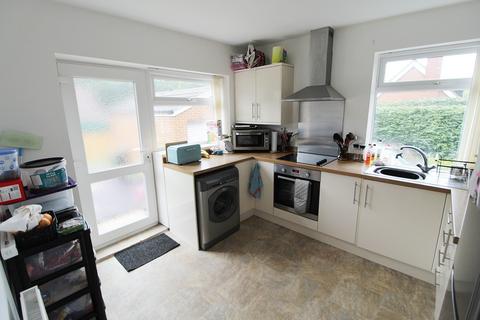 2 Meadow Close, Ormesby, Middlesbrough, TS7 9AY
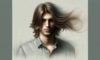 Long Layers in Men’s Hair: Top Techniques for Style Success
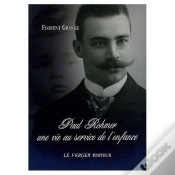 Capa do artigo Paul Rohmer
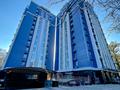 3-бөлмелі пәтер · 73.6 м² · 12/13 қабат, Досмухамедова — Выгодное предложение, бағасы: 90 млн ₸ в Алматы, Алмалинский р-н — фото 33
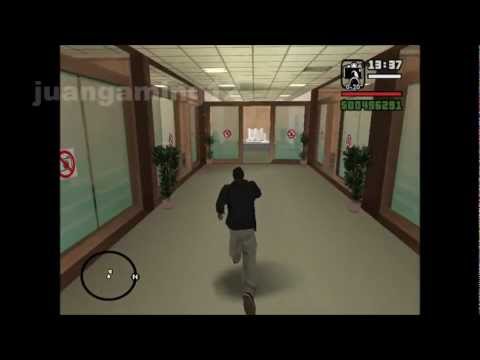 download lagu mp3 mp4 Espionage Joggers, download lagu Espionage Joggers gratis, unduh video klip Espionage Joggers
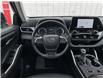 2025 Toyota Highlander Hybrid XLE (Stk: 12108317A) in Concord - Image 32 of 47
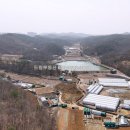 남전농장 이미지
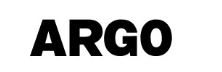 ARGO
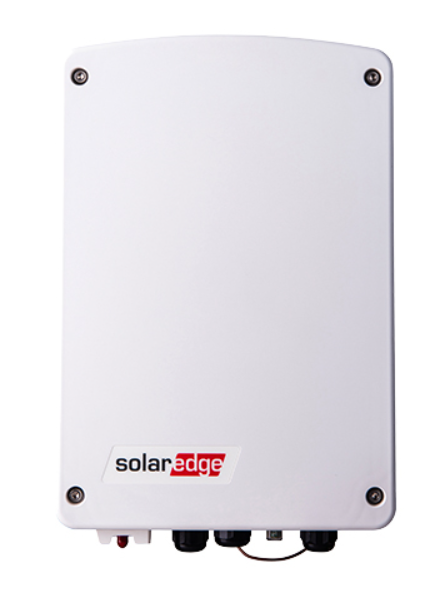 découvrez notre service après-vente dédié aux produits solaredge. nous vous accompagnons pour résoudre tous vos problèmes et optimiser les performances de vos installations solaires. profitez d'un support technique de qualité et faites confiance à notre expertise.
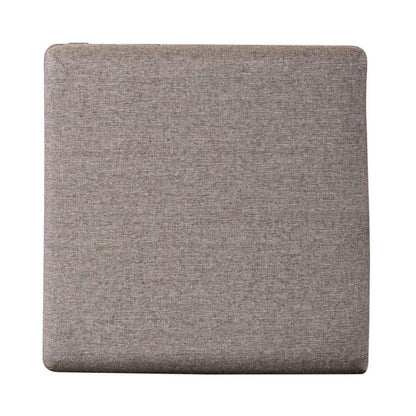 Liberty Furniture - Arrowcreek Uph Console Stool - 226-OT9001 veiw 5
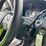 2016-ford-explorer-image-13
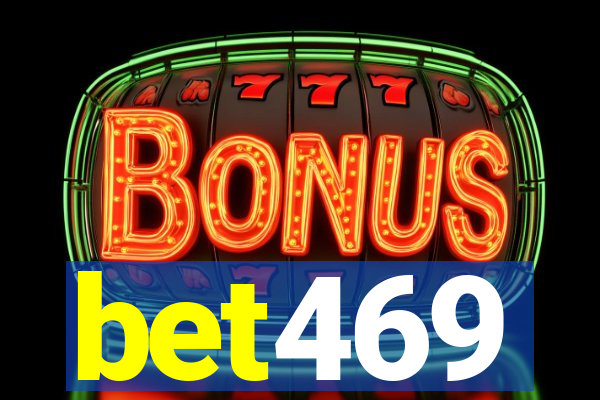 bet469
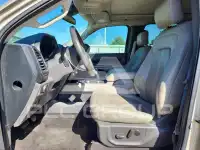 2018 Ford EXPEDITION фото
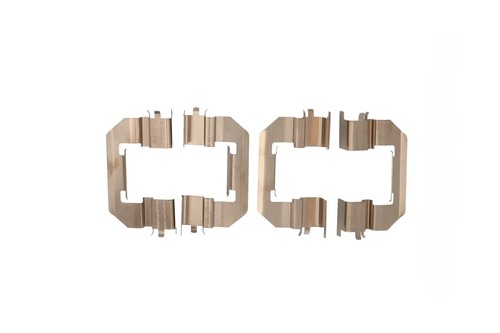 Fits kamoka 1130286 accessory - fits,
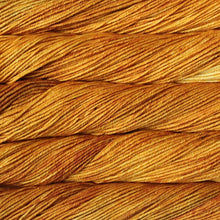 Load image into Gallery viewer, Malabrigo Rios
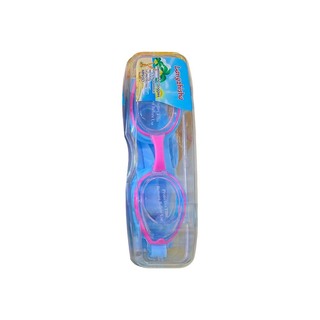 Swimming Goggle Blue 12096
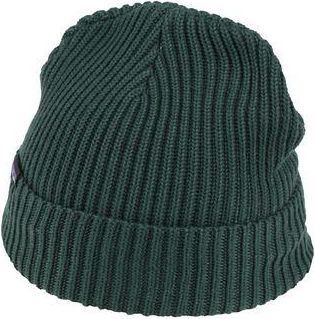 Patagonia COMPLEMENTOS - Sombreros en YOOX.COM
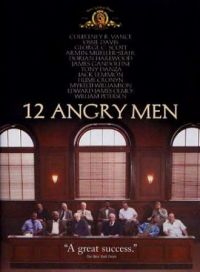 12   / 12 Angry Men (1997)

────────

Prompt: Pass over the images and copy the rest of the material above exactly.

Answer to this task:
 2 Meadow Close, Ormesby, Middlesbrough, TS7 9AY
 Long Layers in Men’s Hair: Top Techniques for Style Success
 Capa do artigo Paul Rohmer
 3-бөлмелі пәтер · 73.6 м² · 12/13 қабат, Досмухамедова — Выгодное предложение, бағасы: 90 млн ₸ в Алматы, Алмалинский р-н — фото 33
 download lagu mp3 mp4 Espionage Joggers, download lagu Espionage Joggers gratis, unduh video klip Espionage Joggers
 2025 Toyota Highlander Hybrid XLE (Stk: 12108317A) in Concord - Image 32 of 47
 남전농장 이미지
 ARGO
 découvrez notre service après-vente dédié aux produits solaredge. nous vous accompagnons pour résoudre tous vos problèmes et optimiser les performances de vos installations solaires. profitez d'un support technique de qualité et faites confiance à notre expertise.
 Liberty Furniture - Arrowcreek Uph Console Stool - 226-OT9001 veiw 5
 2016-ford-explorer-image-13
 bet469
 2018 Ford EXPEDITION фото
 Fits kamoka 1130286 accessory - fits,
 Load image into Gallery viewer, Malabrigo Rios
 Swimming Goggle Blue 12096
 Patagonia COMPLEMENTOS - Sombreros en YOOX.COM
 12   / 12 Angry Men (1997)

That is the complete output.